The PSB program terminates on September 30, 2003, unless extended by legislation. SBA guarantees effective under this program on or before September 30, 2003, will remain in effect after such date.

[61 FR 3271, Jan. 31, 1996, as amended at 63 FR 12605, Mar. 16, 1998; 66 FR 30804, June 8, 2001]

§ 115.62   Prohibition on participation in Prior Approval program.

Neither a PSB Surety nor any of its Affiliates is eligible to submit applications under subpart B of this part.

§ 115.63   Allotment of guarantee authority.

(a) General. SBA allots to each PSB Surety a periodic maximum guarantee authority. No SBA guarantee attaches to bonds approved by a PSB Surety if the bonds exceed the allotted authority for the period in which the bonds are approved. No reliance on future authority is permitted. An allotment can be increased only by prior written permission of SBA.
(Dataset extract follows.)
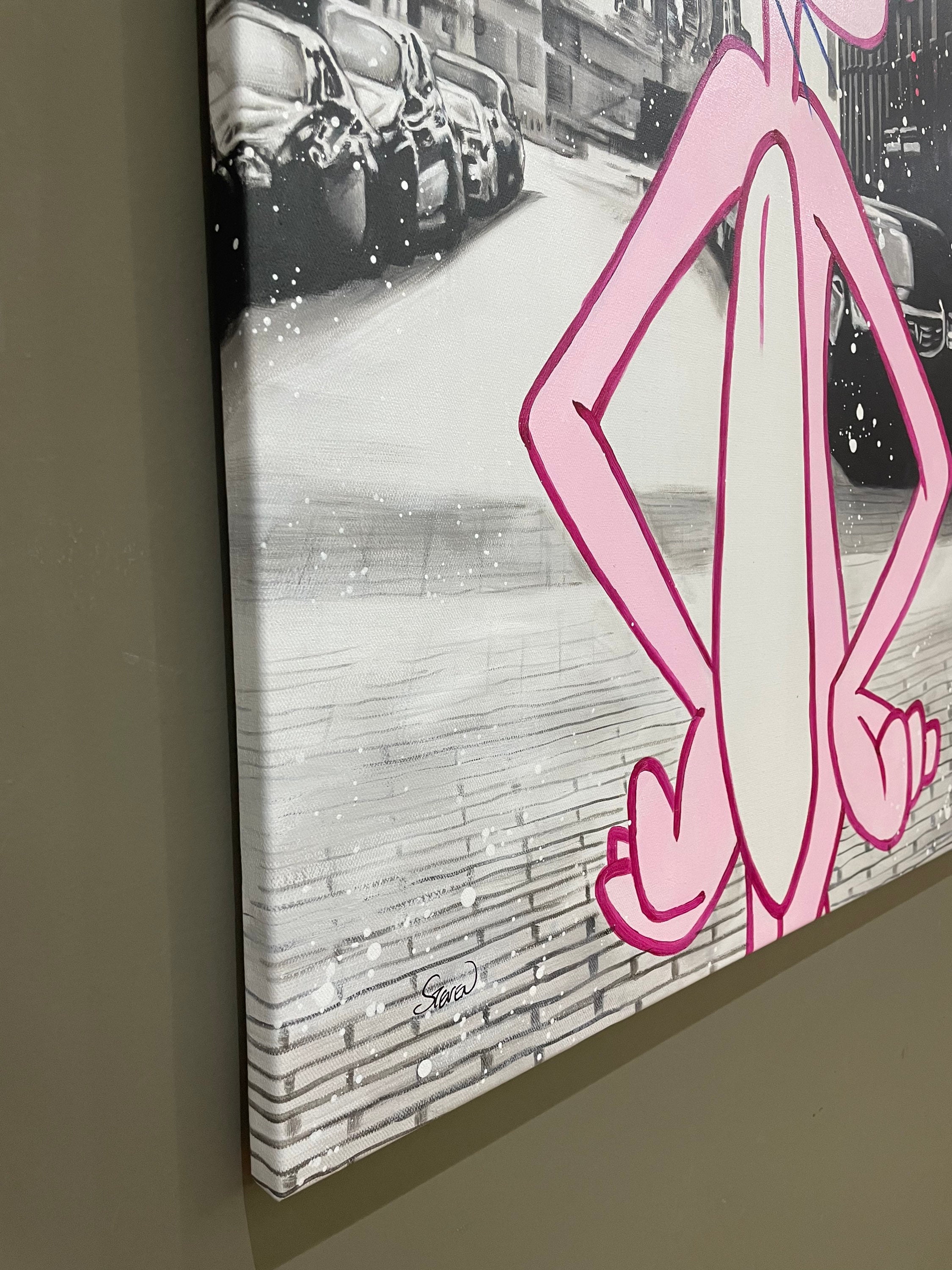 192. Pink Panther Pop Art Canvas Chaplin Pop Art Painting 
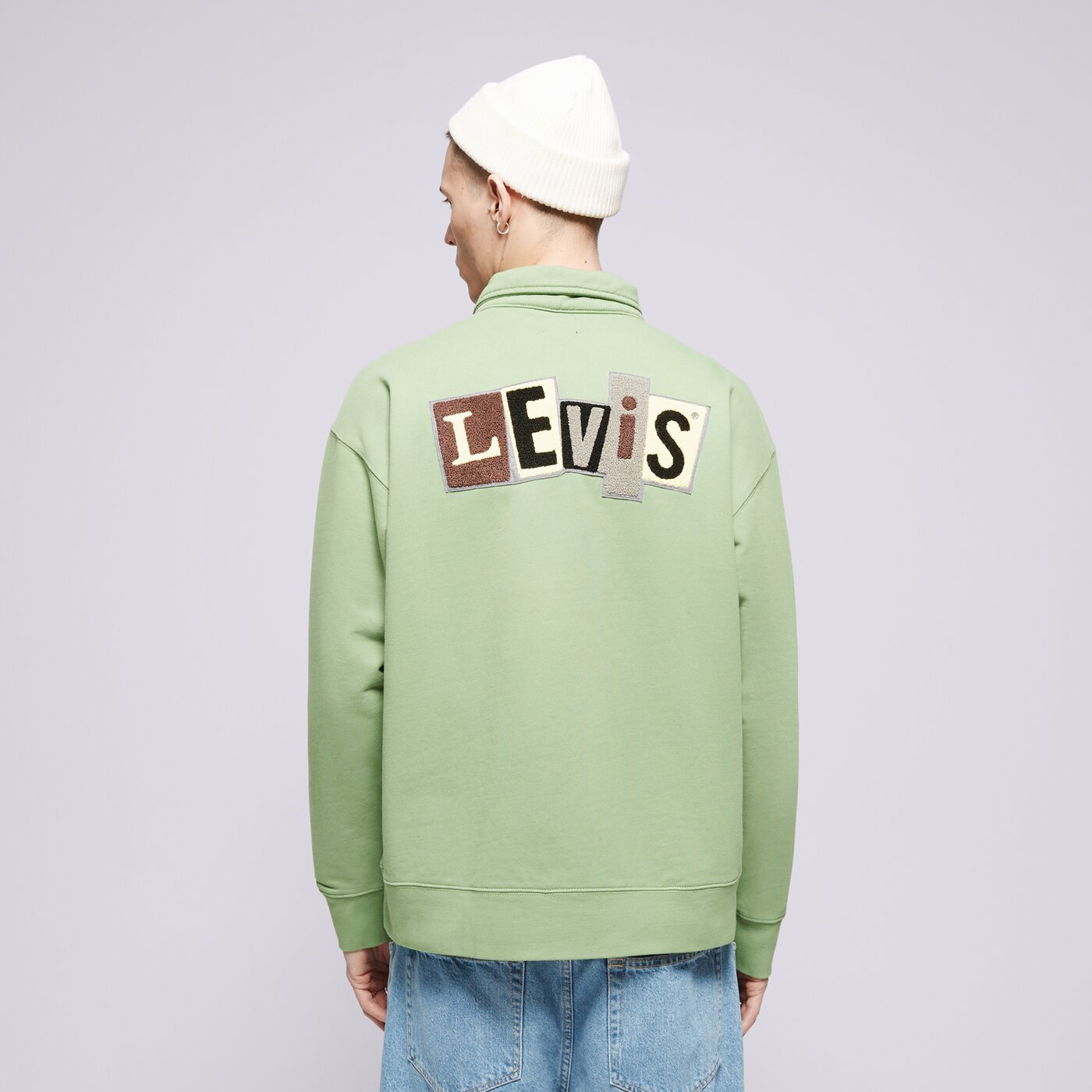 LEVI'S SWEATSHIRT SKATE NEW QUARTER ZIP GREENS Grün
(b) Execution of Bid Bonds. When the PSB Surety Executes a Bid Bond, SBA debits the Surety's allotment for an amount equal to the guarantee percentage of the estimated penal sum of the Final Bond SBA would guarantee if the Contract were awarded. If the Contract is then awarded for an amount other than the bid amount, or if the bid is withdrawn or the Bid Bond guarantee has expired (see §115.12(c)), SBA debits or credits the Surety's allotment accordingly.

(c) Execution of Final Bonds. If the PSB Surety Executes a guaranteed Final Bond, but not the related Bid Bond, SBA debits the Surety's allotment for an amount equal to the guarantee percentage of the penal sum of the Final Bond. SBA will debit the allotment for increases, and credit the allotment for decreases, in the bond amount.

(d) Release and non-issuance of Final Bonds. The release of Final Bonds upon completion of the Contract does not restore the corresponding allotment. If, however, a PSB Surety approves a Final Bond but never issues the bond, SBA will credit the Surety's allotment for an amount equal to the guarantee percentage of the penal sum of the bond. In that event, the Surety must notify SBA as soon as possible, but in no event later than 5 business days after the non-issuance has been determined. Until the Surety has so notified SBA, it cannot rely on such credit.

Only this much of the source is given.